Question

Pressure inside two soap bubbles are $1.02\,atm{\kern 1pt} {\kern 1pt} {\kern 1pt} {\kern 1pt} and {\kern 1pt} {\kern 1pt} {\kern 1pt} {\kern 1pt} 1.05\,atm$ respectively. The ratio of their surface area is:
A. $\dfrac{{125}}{8}$
B. $\dfrac{{25}}{4}$
C. $\dfrac{5}{2}$
D. $\dfrac{2}{5}$

Answer 1

Hint: In order to solve this question, we should know that surface area means the area of the outside surface of any object and here we will use the general formula of pressure inside a soap bubble for both cases and then will compare both equations in order to find the relation between surface area of soap bubbles for both cases.

Complete answer:
According to the question, we have given that pressure inside of two soap bubbles as;
For soap bubble one, $P = 1.02atm$ and as we know that, the relation between tension force inside the soap bubble and radius of spherical bubble is,
$\Delta P = \dfrac{{4T}}{R}$
where $T$ is surface tension force acting on the spherical soap bubble of radius $R$.
For first soap bubble we have the error change in given pressure is,
$\Delta P = 0.02\,atm$
$\Rightarrow 0.02 = \dfrac{{4T}}{{{R_1}}} \to (i)$
For soap bubble second having pressure $P = 1.05\,atm$
again using same formula keeping the surface tension same we have,
$\Delta P = \dfrac{{4T}}{R}$ and for this soap bubble $\Delta P = 0.05\,atm$
$\Rightarrow 0.05 = \dfrac{{4T}}{{{R_2}}} \to (ii)$
where ${R_2}$ denotes the radius of spherical bubble soap.

Divide the equation (ii) by equation (i) we have,
$\dfrac{5}{2} = \dfrac{{{R_1}}}{{{R_2}}}$
and now since surface area of sphere is given by,
$S = 4\pi {R^2}$
where $R$ is radius and surface area is directly proportional to square of radius so we have, squaring the equation $\dfrac{5}{2} = \dfrac{{{R_1}}}{{{R_2}}}$ we get,
$\Rightarrow \dfrac{{25}}{4} = \dfrac{{4\pi {{({R_1})}^2}}}{{4\pi {{({R_2})}^2}}}$
$\therefore \dfrac{{{S_1}}}{{{S_2}}} = \dfrac{{25}}{4}$
where, $S$ denotes the surface area of the soap bubble.

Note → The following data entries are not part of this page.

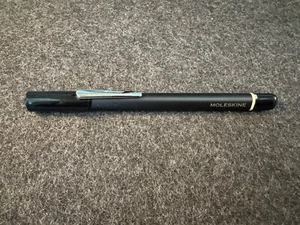 Moleskine Smart Writing Pen NWP-F110 - Just Pen (No Notebook) - Photo 1/2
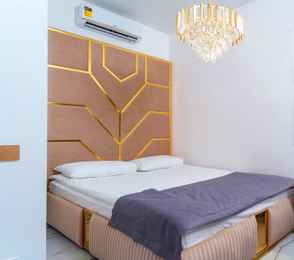 Отель «Рановский Парк на Советской», фото 3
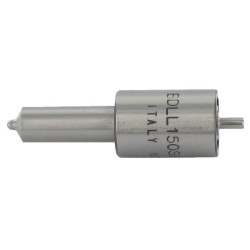 Injecteur SEVEN 032200016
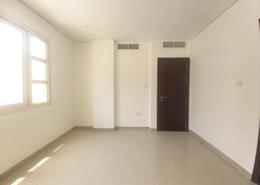 Apartment - 1 bedroom - 2 bathrooms for rent in Muwaileh 3 Building - Muwaileh - Sharjah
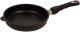 Neindukcinė keptuvė nuimama rankena AMT Gastroguss, Ø 26 cm, 5 cm aukščio AMT 526-E-Z20B 2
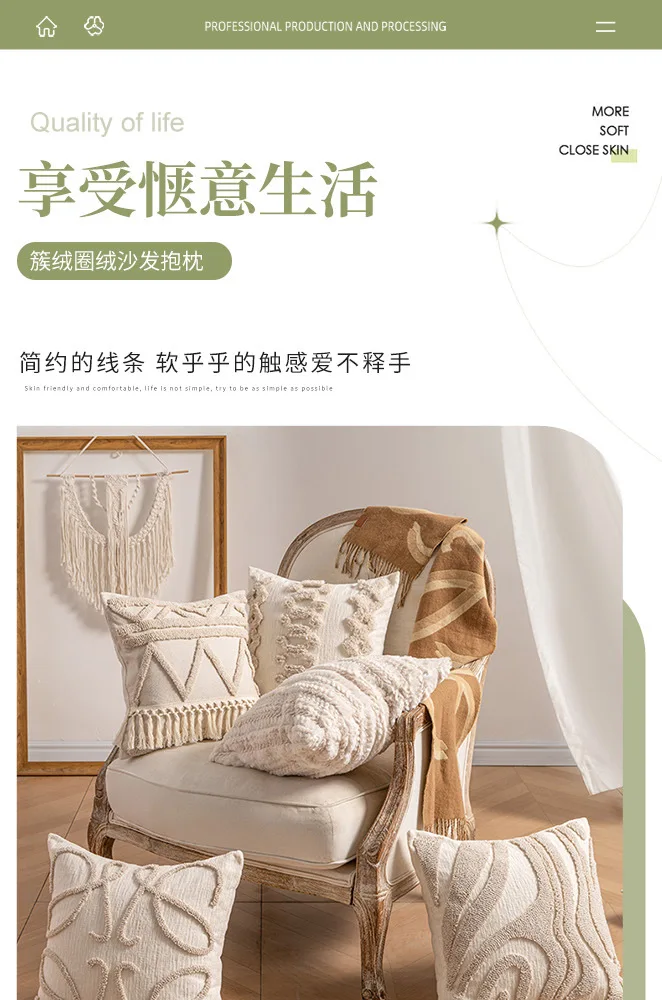 hmqViviiyNSAyin9WuaSt/AHURIDduQSSkwv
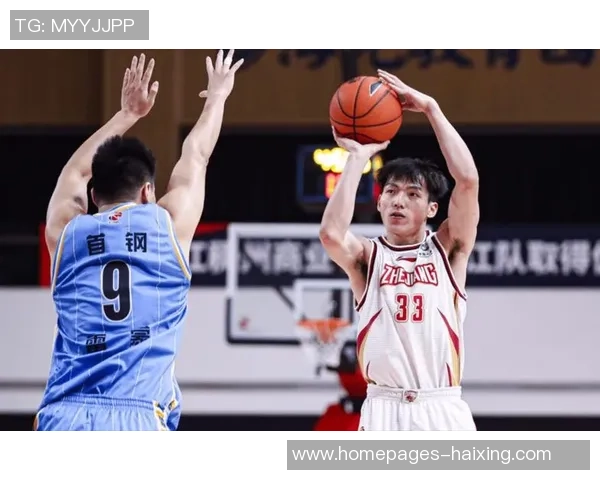 尚州与江原FC激战正酣谁能在这场较量中笑到最后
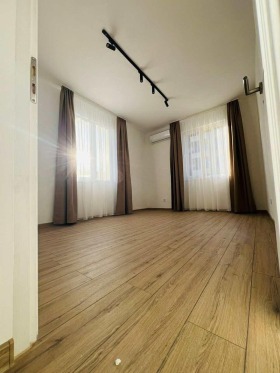 ���� ��� ���� 3-����� | Imot.bg � ����� ������ 3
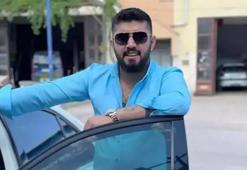 Ankara'da 2 kişinin ölümüne sebep olan sürücüye 9 yıl 4 ay hapis cezası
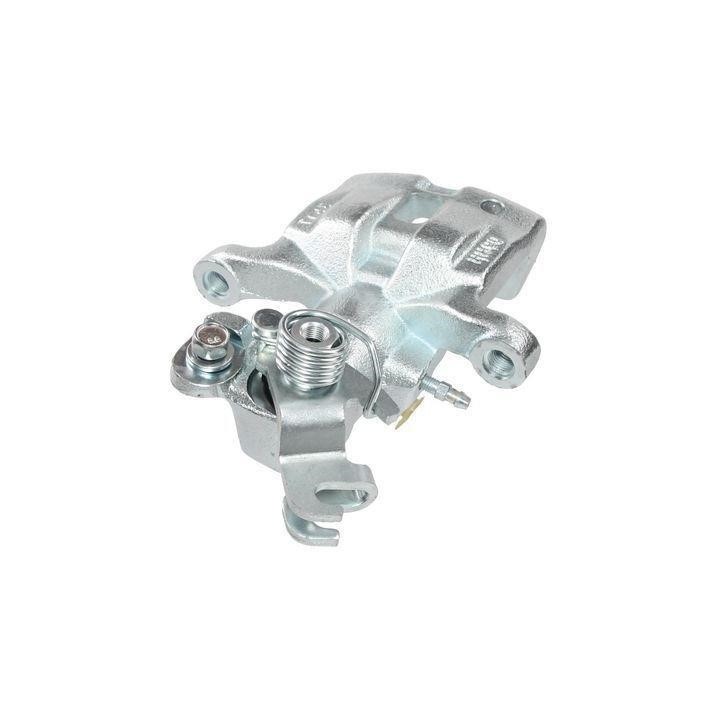 Brake caliper Mazda 6: 726082 ABS Brake caliper rear right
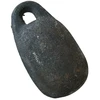 Kula Kaminšluotės kamuolys 1,50 kg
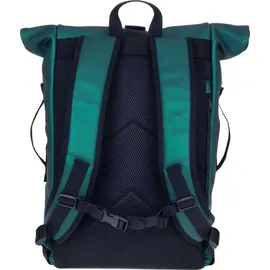 Elephant Gin Time Bag Evo 24 l grün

Hence, the correct option is B.

Note: It should be remembered that, we have given the pressure inside the soap bubble with two digits after decimal and we use the change in pressure from inside and outside in the formula $\Delta P = \dfrac{{4T}}{R}$ so, change in pressure $\Delta P$ is just the difference between given pressure and atmospheric pressure which has a value of $1atm$.